_What needs to be done:_
An exact transcript of every entry is required, without any of the pictures.

[Source material]

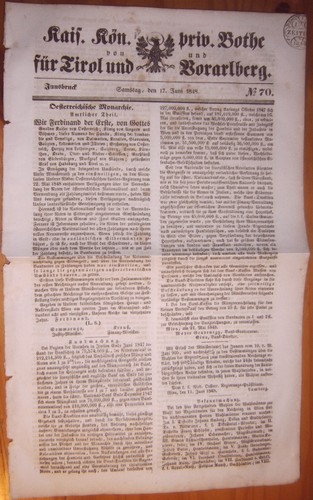 Innsbruck 1848 zeitung - innsbruck, 17.6.1848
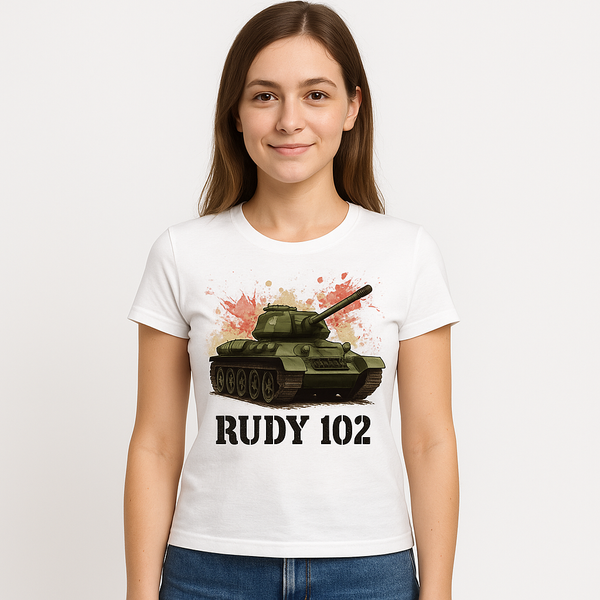 Koszulka T-shirt damska Czołg Rudy 102 biały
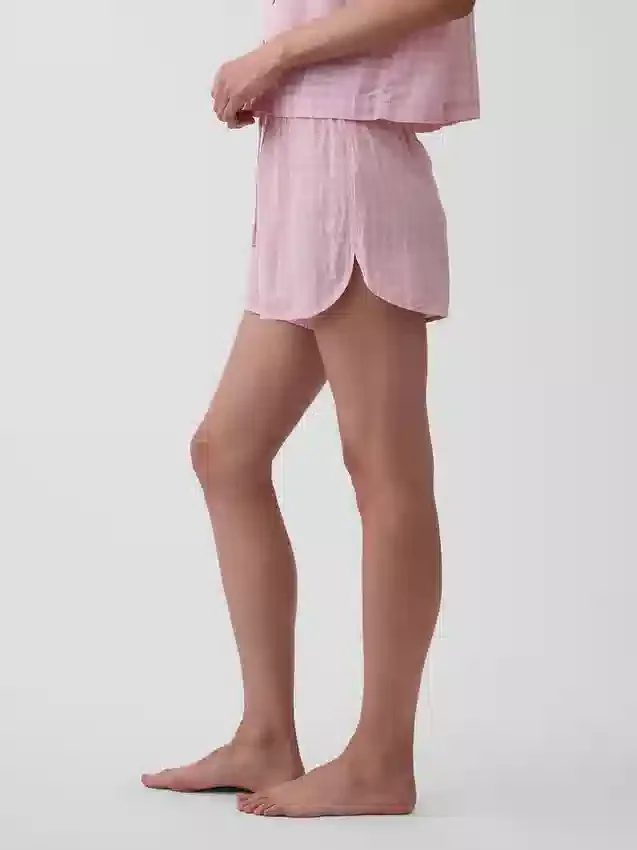 Pyjamasbukser i krøllet gasbind Shorts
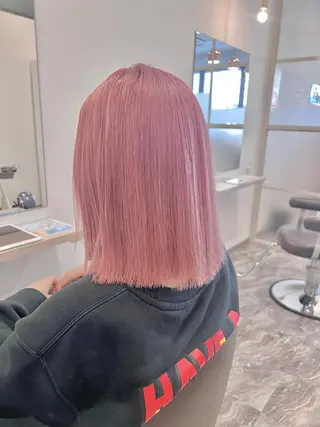 ミディアム ブリーチ毛に縮毛矯正 ✨カラー✨山田 正幸のヘアスタイル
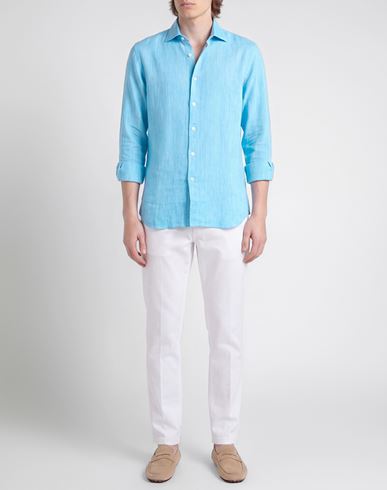 Man Shirt Azure Size L Linen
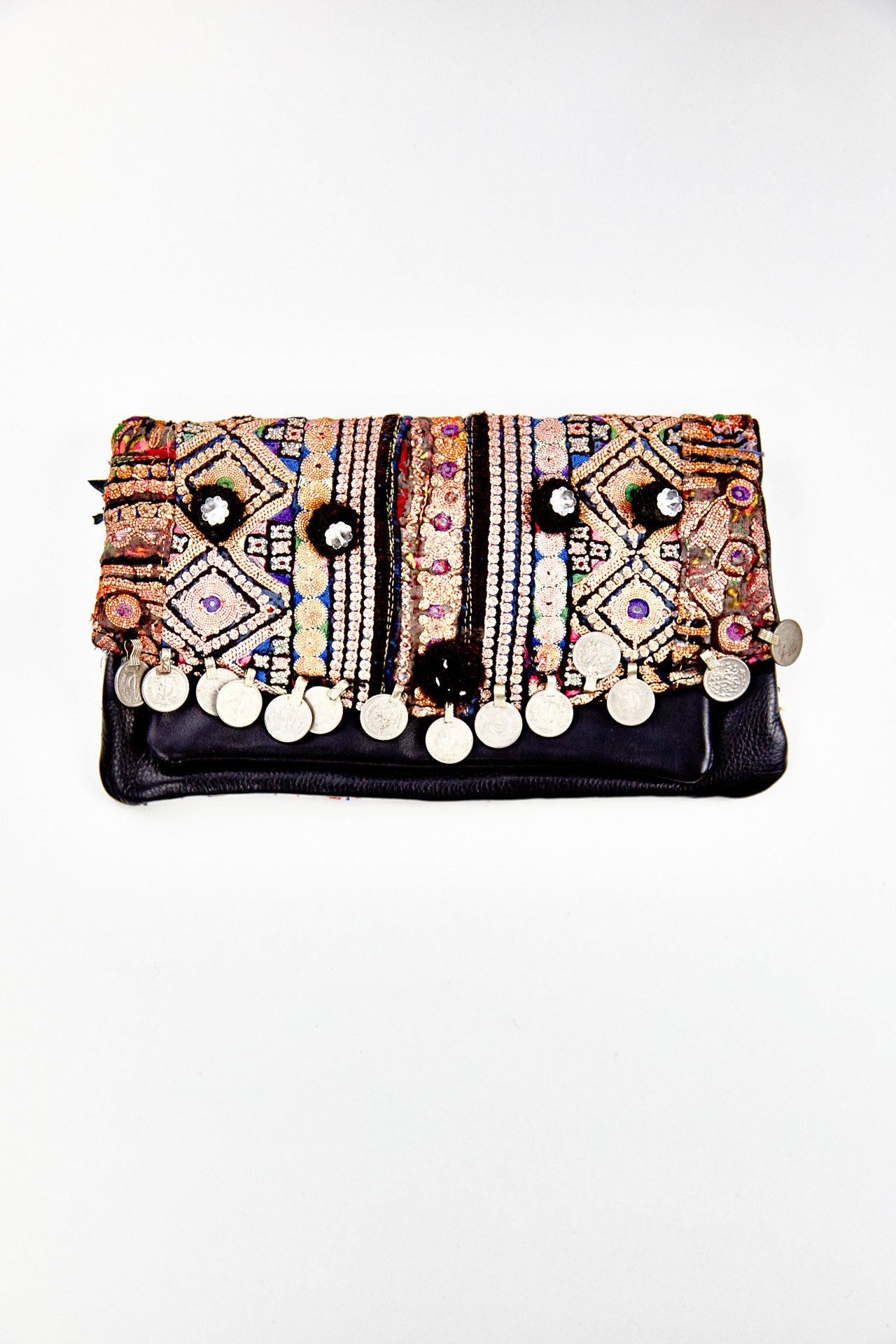 Jetsetbohemian Bags Mixed Colours Coin Tassel Clutch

[/Source material]

_Reply to the task:_
 Innsbruck 1848 zeitung - innsbruck, 17.6.1848
 Koszulka T-shirt damska Czołg Rudy 102 biały
 Pyjamasbukser i krøllet gasbind Shorts
 ミディアム ブリーチ毛に縮毛矯正 ✨カラー✨山田 正幸のヘアスタイル
 Man Shirt Azure Size L Linen
 Jetsetbohemian Bags Mixed Colours Coin Tassel Clutch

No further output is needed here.